I went to Rachel Carson National Wildlife Refuge on Saturday, primarily to practice with my new Panasonic HX-A100 head mounted action camera, but also to see where spring has gotten to along the loop trail. Trillium are still blooming in small numbers, and I found a few Two Bead Lilies open, and many more in bud. There were more visible Lady Slipper plants, but none near blooming. Still a very late spring.
The emerging spruce needle bunchs caught my eye. The contrast of color and texture and form demanded a close up.
Canon SX50HS in Program with iContrast and Auto Shadow Control. -1/3EV exposure compensation. 24mm macro with 2x digital tel-converter. Processed in Lightroom for intensity, clarity, and sharpness.
I still have lots of birds to share from my trip to The Biggest Week in American Birding, but I feel compelled to celebrate the late but inevitable arrival of spring in Southern Maine. My wife has been working in the yard, planting and transplanting flowers, but I was mostly interested in the volunteers…the wildflowers of my mossy yard.

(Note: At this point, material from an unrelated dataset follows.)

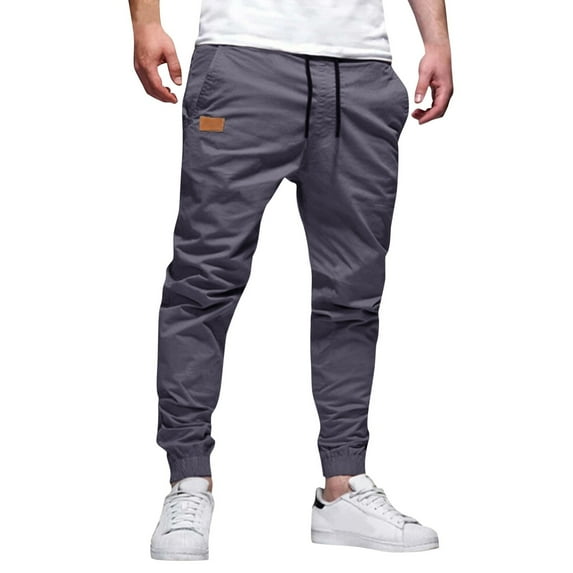 FINALGANG Men Cargo Pants Solid Color Elastic Waist Drawstring Jogger Trousers With Pockets Man Classic Holiday Festival Party Pants,Dark Gray,M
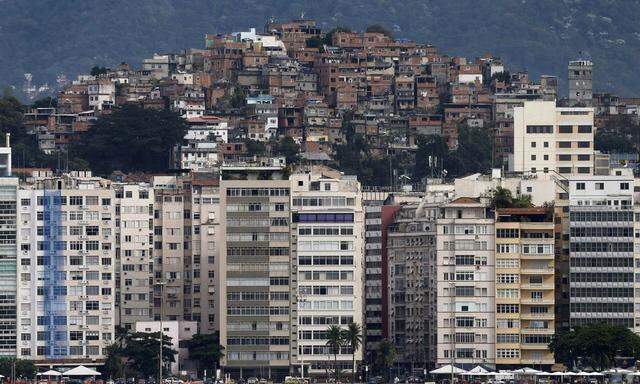 General view of Rio de Janeiro with Copacabana beach and Pavao-Pavaozinho slum in the background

Spring Beauty is always there, but the clumps this year seem bigger. And I caught a bonus Hoverfly at work in this clump.
The Dog-tooth Violets are blooming in every woodlot, and are even more lush in our sunny yard.
Then you have the Wild Strawberry, another widely abundant plant in Southern Maine, that has made a home in the margin of our lawn.
And finally Cinquefoil, which might be new this year, creeping in from the woods across the road. Both this, and the Strawberry image are littered with fallen petals from our Ornamental Plum.
So, pretty tame by true wild-land standards, but not bad for a yard at the edge of town. And, just so you don’t feel deprived of wild, I will finish with a true wildflower, a Painted Trillium from a lunch-time walk around the trail loop at Rachel Carson NWR Headquarters yesterday noon.
Canon SX50HS. Program with iContrast and Auto Shadow Control. A mix of tel-macros at 1200mm and wide-macros at 24mm plus 1.5x digital tel-converter. Processed in Lightroom for intensity, clarity, and sharpness.